Lucky You – (USA – 2h02) de Curtis Hanson, avec Eric Bana, Drew Barrymore, Robert Duvall…
On néglige définitivement trop le talent discret de ces cinéastes mineurs mais précieux, regroupés avec un peu de mépris dans la catégorie « artisans » des histoires du cinéma…
Strip Poker
On néglige définitivement trop le talent discret de ces cinéastes mineurs mais précieux, regroupés avec un peu de mépris dans la catégorie « artisans » des histoires du cinéma. Curtis Hanson est de ceux-là. Si son Lucky You n’est pas un chef d’œuvre, ce flux d’images silencieuses distille un charme délicat, voire irrésistible. Moi, ma mère et peut-être même Henri Seard savions déjà que l’auteur de LA Confidential et 8 Mile avait atteint, avec In Her Shoes, une confiance presque grisante en ses moyens cinématographiques. Lucky You constitue le prolongement parfait de cette évolution, assumant avec honnêteté et modestie une foi dans l’éphémère beauté des formes néoclassiques, leur capacité à incarner l’éclatante futilité d’une bulle de champagne. Dans cette histoire de jeu, d’amour et de filiation, la chair des images semble paradoxalement vouée à l’effacement et à l’émerveillement. La figuration parfaite du poker en somme, jeu à la fois tragique et excitant où chaque coup détruit l’autre, rend son existence caduque et suppose une renaissance perpétuelle du joueur. La subtile composition des plans, leur alternance rythmée, précise, constituent alors autant de traces d’un corps filmique qui se construit en même temps qu’il se délite. Le scénario déroule une écriture sobre et fine. Sans compter sur une distribution rare, presque parfaite, de premiers et de seconds rôles (mention spéciale à l’inestimable apparition de Robert Downey Jr.).

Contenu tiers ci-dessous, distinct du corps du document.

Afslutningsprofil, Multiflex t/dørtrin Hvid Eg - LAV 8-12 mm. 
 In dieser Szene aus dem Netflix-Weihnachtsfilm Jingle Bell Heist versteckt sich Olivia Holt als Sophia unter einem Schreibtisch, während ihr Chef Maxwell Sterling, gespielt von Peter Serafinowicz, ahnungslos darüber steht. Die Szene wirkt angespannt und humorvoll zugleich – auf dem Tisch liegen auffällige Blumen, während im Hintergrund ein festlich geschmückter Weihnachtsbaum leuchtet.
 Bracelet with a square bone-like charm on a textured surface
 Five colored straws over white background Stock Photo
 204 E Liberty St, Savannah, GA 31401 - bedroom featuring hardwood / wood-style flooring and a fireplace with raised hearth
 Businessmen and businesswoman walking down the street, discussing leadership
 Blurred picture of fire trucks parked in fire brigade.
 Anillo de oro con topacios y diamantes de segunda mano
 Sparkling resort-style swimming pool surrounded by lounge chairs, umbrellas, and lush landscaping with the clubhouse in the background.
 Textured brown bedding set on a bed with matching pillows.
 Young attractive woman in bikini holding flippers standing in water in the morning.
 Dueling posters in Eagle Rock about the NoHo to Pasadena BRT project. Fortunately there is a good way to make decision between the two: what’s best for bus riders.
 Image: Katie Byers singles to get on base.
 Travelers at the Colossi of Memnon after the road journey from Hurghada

Lucky You n’est effectivement pas un chef-d’œuvre. Mais pour avoir réussi à rejouer les plaisirs d’un cinéma old school (la comédie hollywoodienne des années 50), Curtis Hanson mérite notre respect. Et pour nous avoir sortis pendant un peu plus de deux heures de la dépression post-Sarkozy-Coupe-de-France, il aura même droit à beaucoup plus.